Our robot’s audio analysis of Trump from his two minutes on camera with Putin: “Disappointed, feeling of missed opportunity. Cold and remote. Pompous, overexcited, empowered.”
Our robot’s audio analysis of Putin from his two minutes on camera with Trump: “Feels in control. Controlled speaking.”
Questions? I hope so. Explanation below. It’s worth it. If not, skip to the Infographic,
We’re constantly bringing new processes, techniques and tools online at FactSquared. We’ve been using machine learning for analyzing audio, video and text since we launched (all the way back in… January!)

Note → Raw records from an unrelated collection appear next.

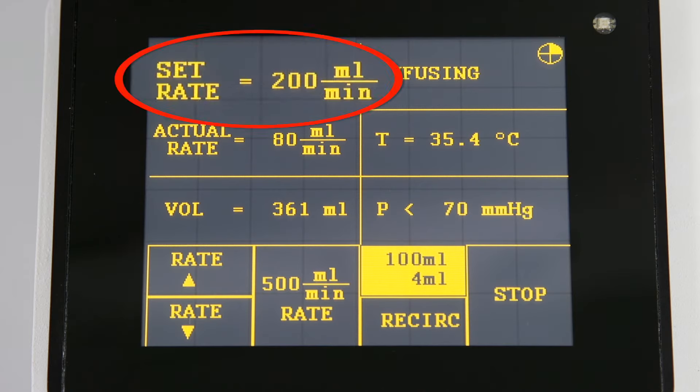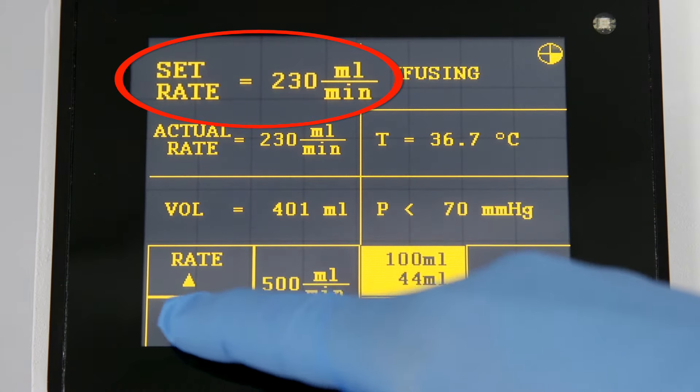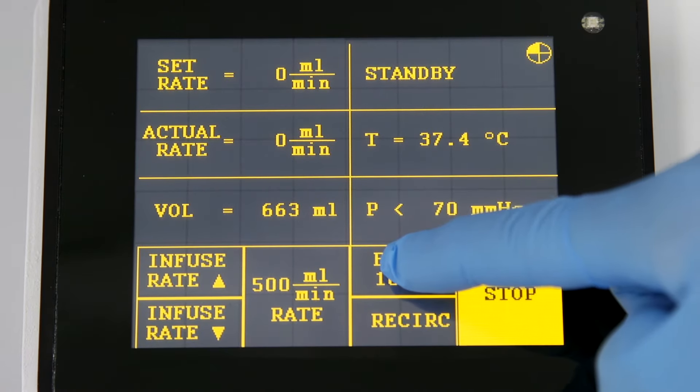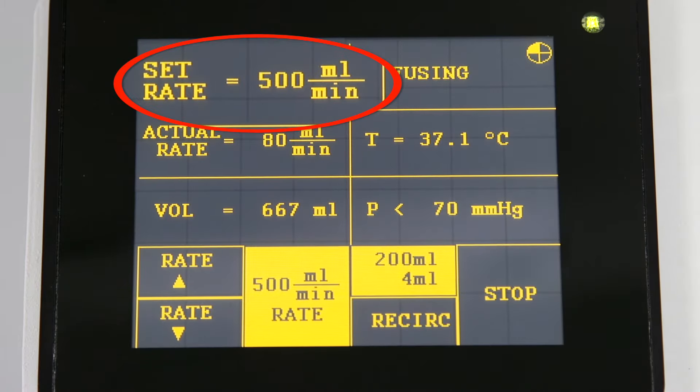The default infusion rate is 200 milliliters per minute. To change the infusion rate, simply press the up arrow to increase the rate or the down arrow to decrease the rate. If you would like the bolus to be delivered at 500 milliliters per minute, press the bolus key and then press the 500 milliliters per minute rate key.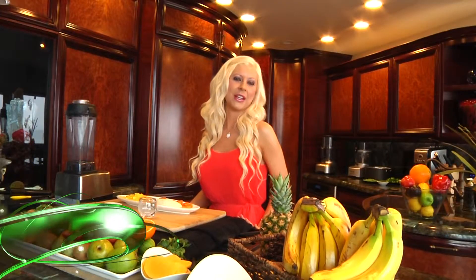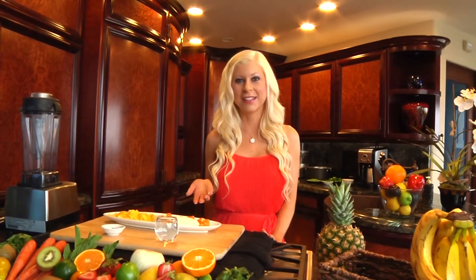Hi! Today we're making a raw fusion Hawaiian smoothie. When I was in Hawaii, I saw lots of papaya and mango and banana trees everywhere, and when I came home I came up with this beautiful smoothie to enjoy all year long.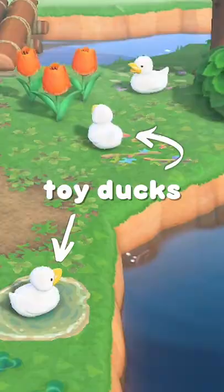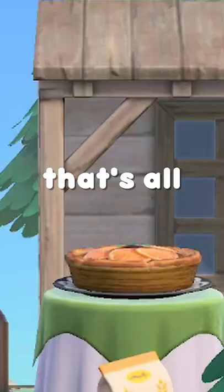petal basket, Toy ducks, and dropped fish bait. That's all, thanks for watching, be sure to subscribe for more, bye!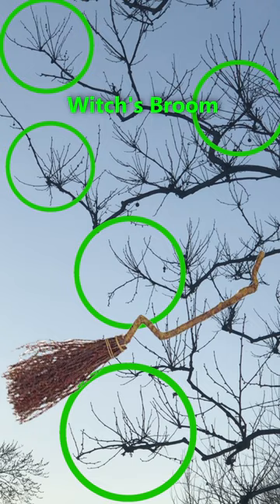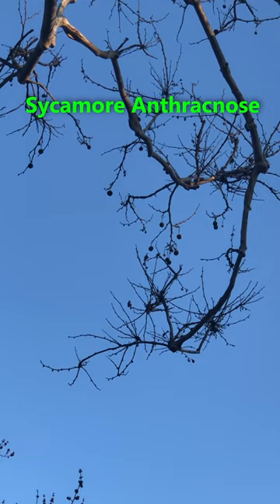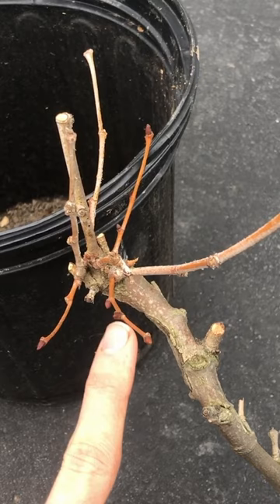This is because pretty much every spring, American sycamore trees fight off a fungal disease called sycamore anthracnose. What happens during cool, wet springs is the fungus infects a new twig and kills that new twig back to last year's bud set. The tree then sends out more leaves and more twigs, which originate from the same point.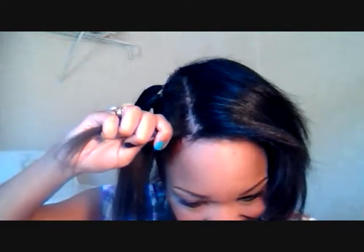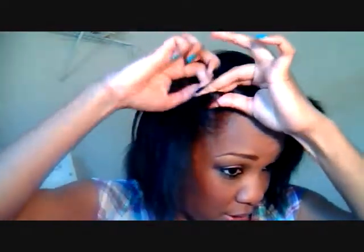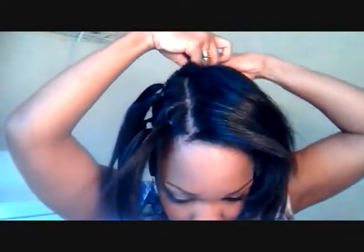For your baby hairs, you can leave some of your edges out — you'll see that in the final results. You can slick those up a little bit. When you get closer to your edges, be careful not to make it too tight along there where it starts to pop your edges off. If the back pieces get in the way, just take your clamp and pin them up out of the way.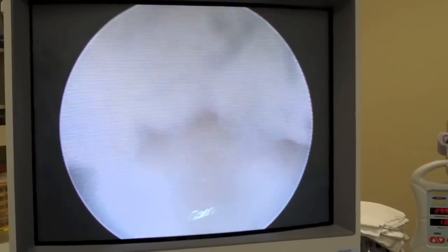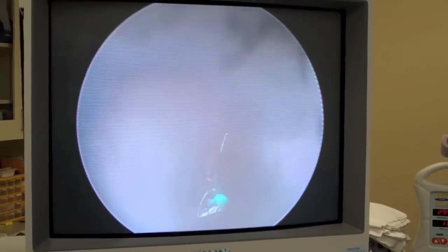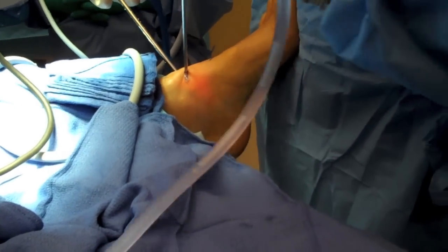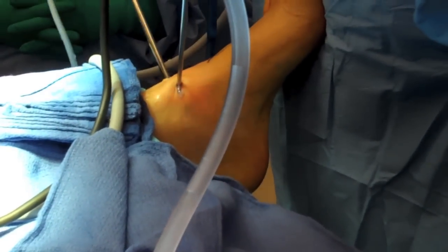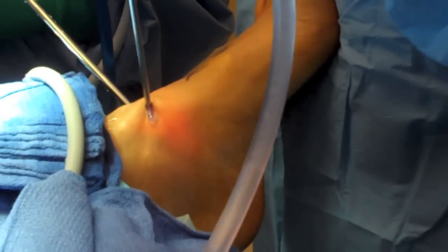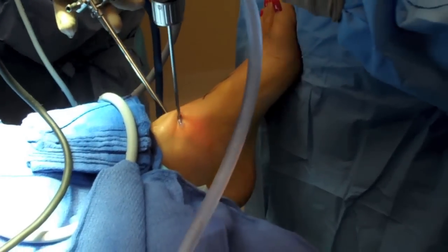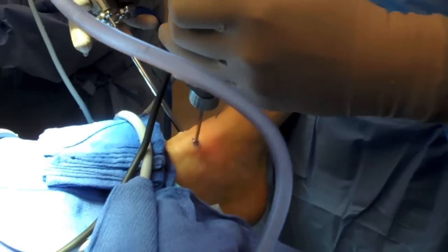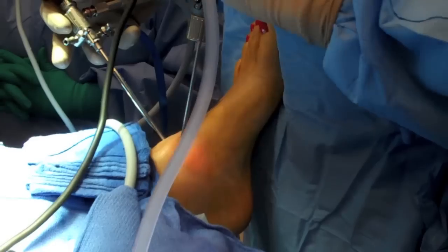You can see the synovitis within this joint being debrided. It is important to be able to utilize both right and left hands when doing arthroscopy. I typically do not use a distractor. The foot is just off the end of the bed. I use my stomach area to dorsiflex the ankle on and off to allow for pouching of the ankle joint to make debridement easier. If I am trying to get into the tibiotalar joint posteriorly, I will plantarflex the ankle to allow the ankle to open up anteriorly.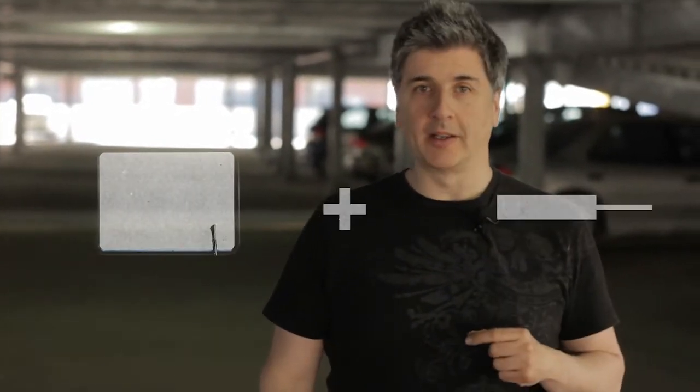Hey guys, Richard Sanders here. I want to introduce you to a unique idea brought to me by Leo Smetsers from Holland. It's a combination of a dry erase board and a paddle. Yes, I know I said paddle.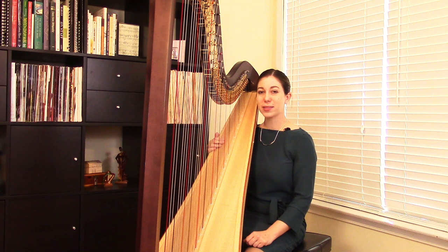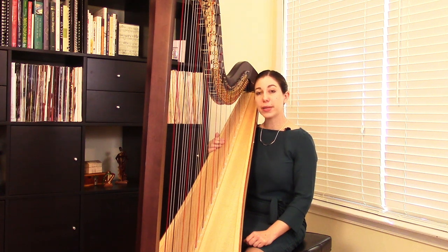Hello, my name is Jacqueline Palaf and today I will be playing Elephant Parade, written by Ruth K. Englefield and taken from her Solos for Sonia, book one.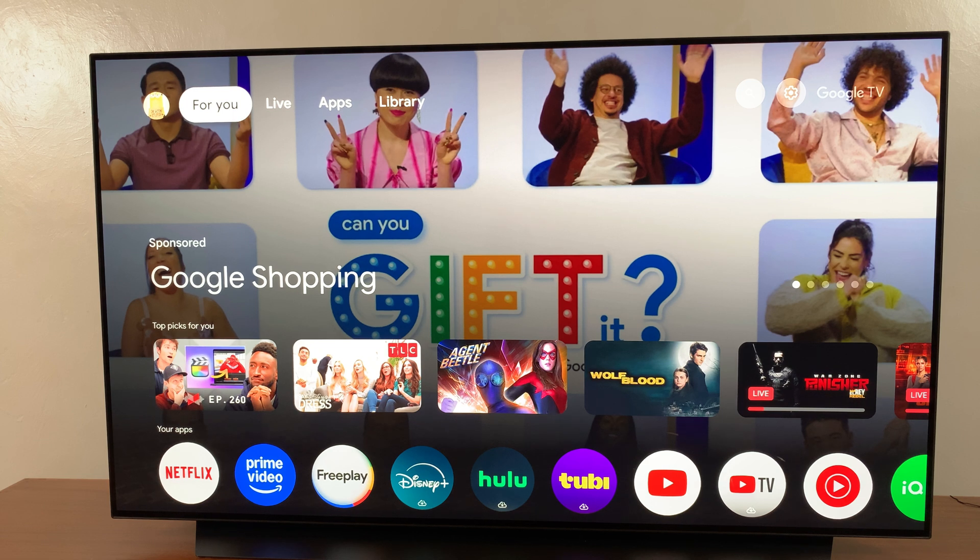Welcome back. In this video, you'll learn how to install an app on your watch on Google TV streaming box.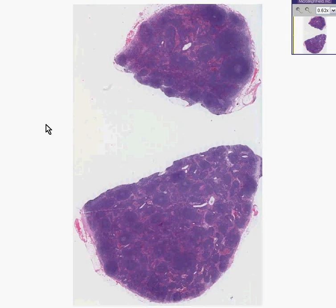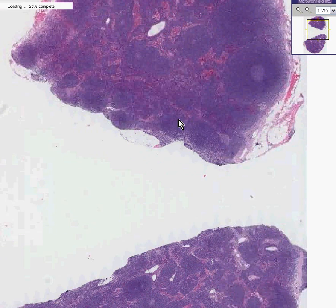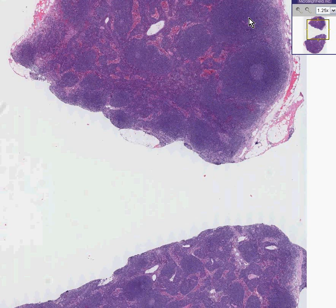Some lymphomas are very easy to diagnose and some are a little bit tougher. This might be a tougher one because at first glance you'll say, hey, maybe this is kind of a non-effaced lymph node — I see some general follicles towards the outside and some cords and sinuses on the inside. Well, this is a hard one to diagnose.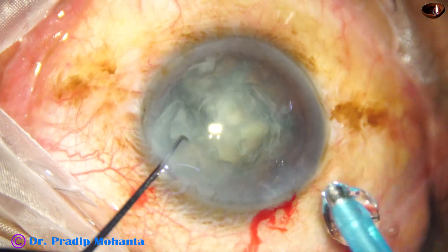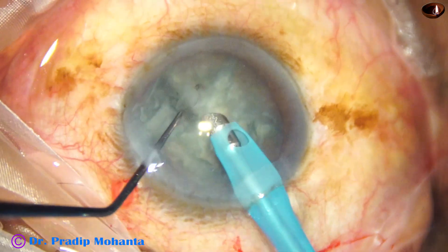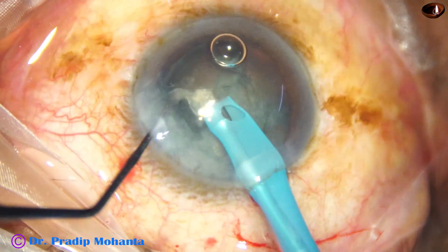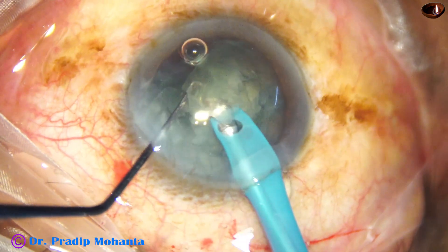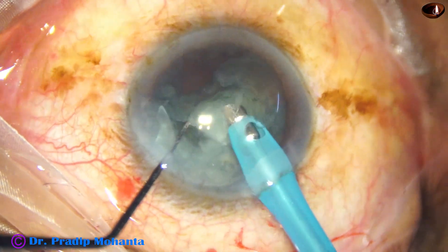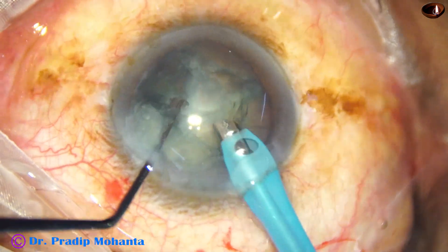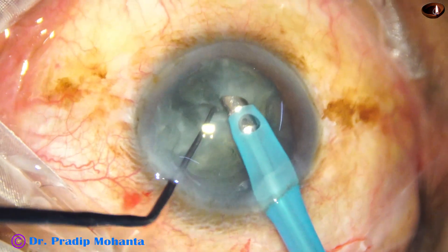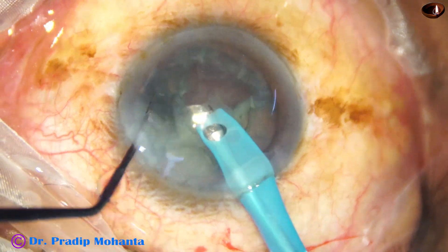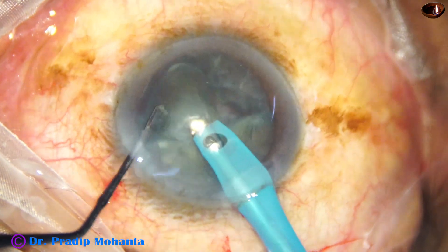When the zonule is weak, rotation of the nucleus is tough. So I have decided to remove the hemi-nucleus which has been divided into three pieces. Here is the first one.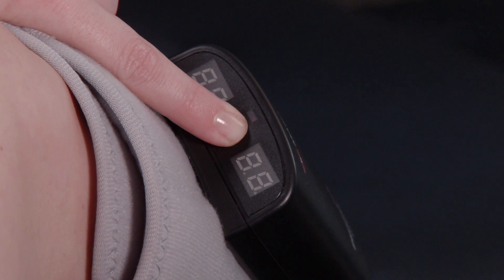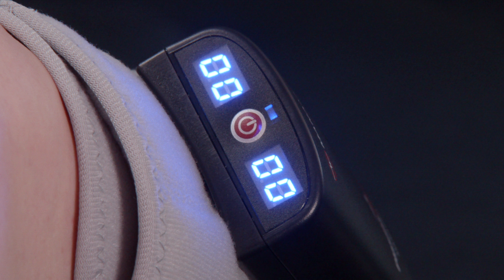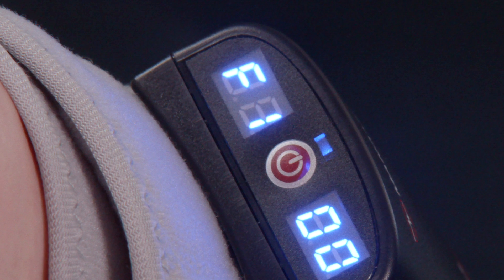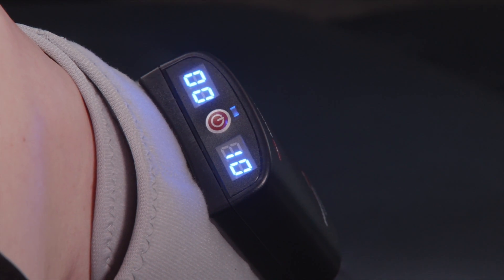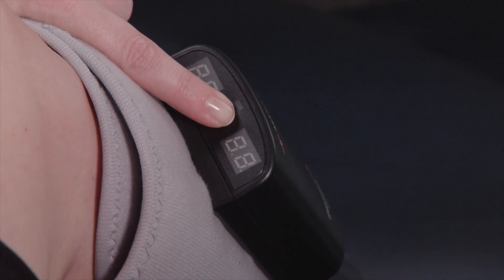Press and hold the power button for 3 seconds until the blue light is illuminated on each unit. An F1 will flash on the left side of the display — this turns the unit on. If the unit needs to be turned off, press and hold the power button for 3 seconds and the unit will turn off.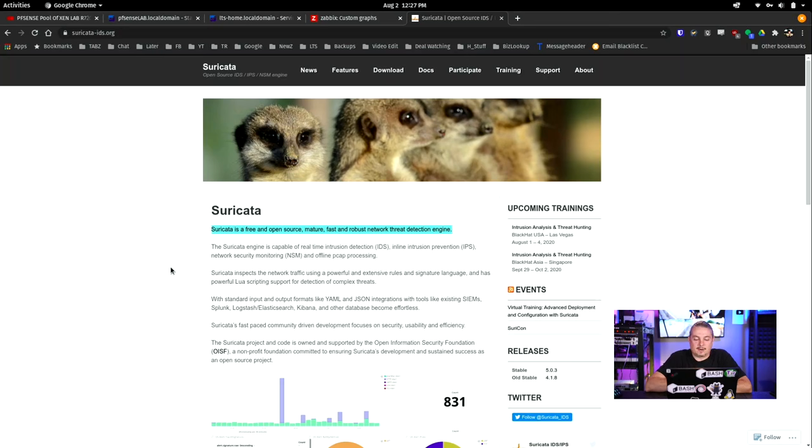Suricata is a free and open-source, mature, fast, robust network threat detection engine. That means it can look at the traffic coming in and detect threats. A lot of people start assuming this is what they need to help secure their network. It can only detect threats, and IDS versus IPS — intrusion detection system versus intrusion prevention system — the difference is really a checkbox, whether or not you want to block the threats it determines. Before you wonder why you shouldn't just block everything it detects: false positives. We're going to talk about how to tune the rules and how to set it up, but be aware this is not a one-and-done type of process.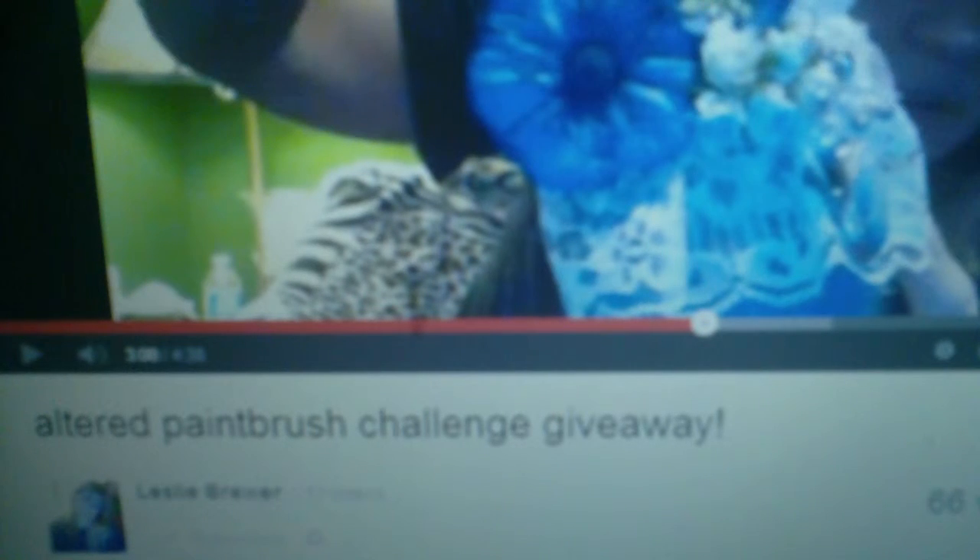Hi everyone, this is Bea from Koala Crafts. This is a promotional video for Leslie Brewer, who is having an altered paintbrush challenge giveaway.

But we’re also very agnostic about tools. We don’t have all the answers, and we watch this space closely for new developments. When something new comes along, we try it. If it adds value, we integrate into our composite.
— Homer Simpson
The Simpsons, S05E11
We were going through a round of testing on a new approach right when Donald Trump met with Vladimir Putin in Hamburg, Germany on Friday, July 7, 2017.
In a peanut-butter-meets-chocolate moment, we said: “let’s try this out!”
In keeping with the past blog posts, you get some background and details. It’s like Neil deGrasse Tyson, but not as funny. Or smart. Or handsome. Or charismatic…
…back from the therapist. All better. Picking it back up…
A huge part of what we do, separate from pulling all this data together, is the analysis. Most of it is behind the scenes because it’s a lot of data. 115 datapoints per word. Or, in the average 10-minute speech (1,132 words, at current 30-day moving average of Trump’s speeches and remarks of 113.2 words per minute), 130,180 datapoints. You do not want all that on a page.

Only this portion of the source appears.